Robustness and Governance: Multimodal guardrails, reflection/voting routines, and tool/agent registries enhance safety, explainability, and extensibility, but incur organizational and maintenance overhead.
Edge/Cloud Strategies: Edge deployments emphasize quantization, token pruning, and small FM variants; cloud deployments leverage hybrid parallelism, monitoring frameworks, and dynamic autoscaling (Xu et al., 2024).

Best practices recommend a modular, memory-augmented, and resource-aware approach, supported by continuous monitoring and failure-tolerant orchestration.
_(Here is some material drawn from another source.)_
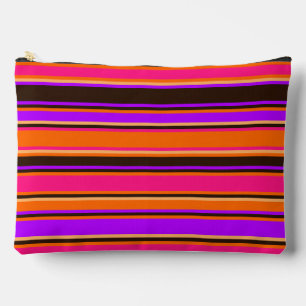 Bold Orange, Magenta, & Purple Striped Pouch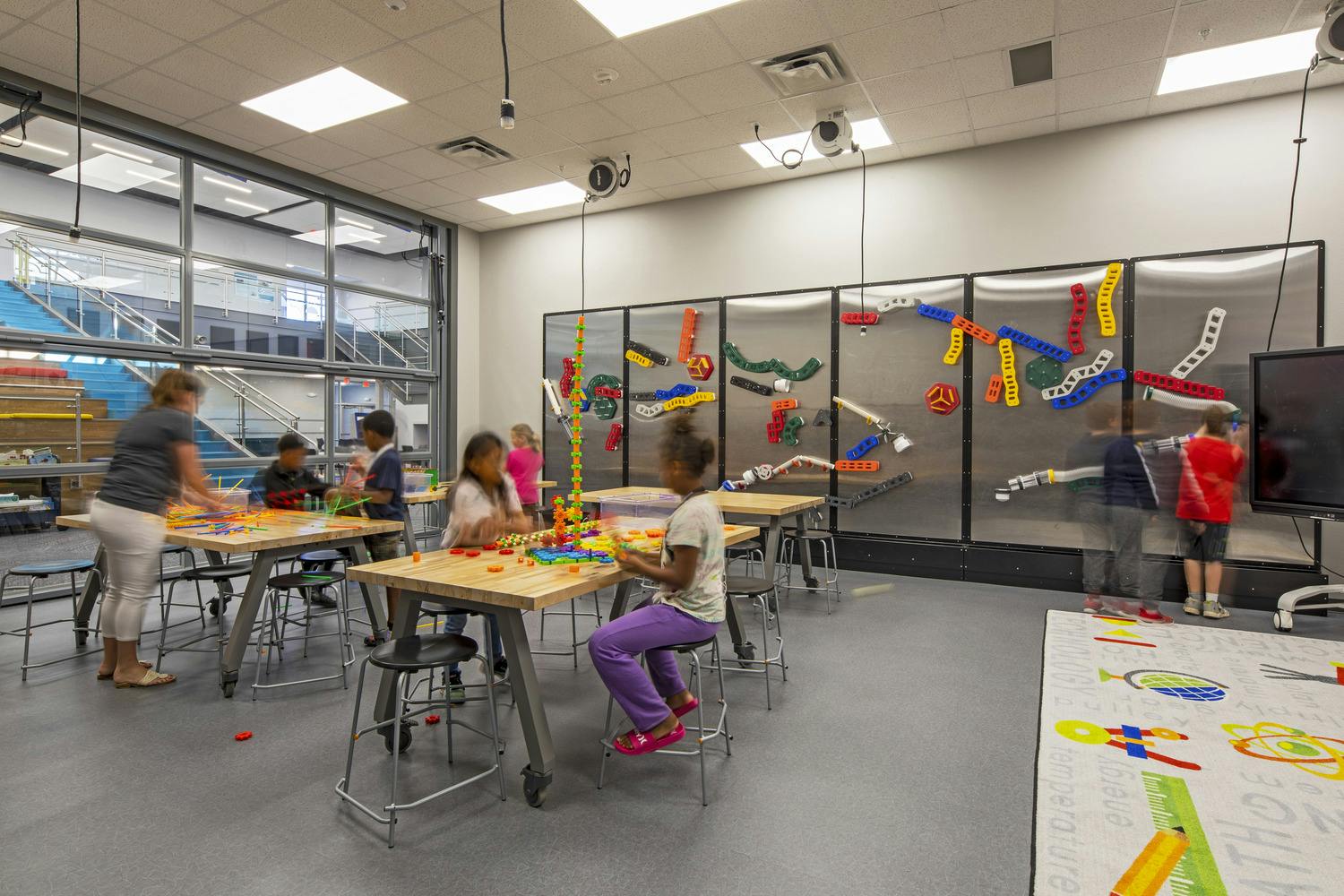 STEM classroom with students learning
7. Challenges and Future Directions

Several open challenges define the AFM research frontier:

Sub-10 ms/Token Latency for Large FMs: Hardware–algorithm co-design to bridge the real-time response gap for very large models.
Scalable Multi-Agent Coordination: Enabling dynamic agent teaming, trust management, negotiation, and emergent behaviors in open-agent societies.
Personalization and Security: Lifelong learning, privacy-preserving federated optimization, and adversarial robustness in tool-use.
Semantic Communication: Semantic-aware compression, retrieval-augmented generation (RAG), and on-device adaptation to minimize bandwidth and maximize privacy.
Formal Safety and Governance: Standardized evaluation, transparency protocols, and safety/robustness frameworks for high-stakes deployments (Xu et al., 2024, Hu et al., 9 Dec 2025, Henkel et al., 4 May 2026).

Integrating these advancements, AFMs are poised to become critical infrastructure for diverse domains demanding robust, explainable, and adaptive agentic intelligence—ranging from autonomous vehicles and collaborative robotics to decision support and real-time industrial monitoring.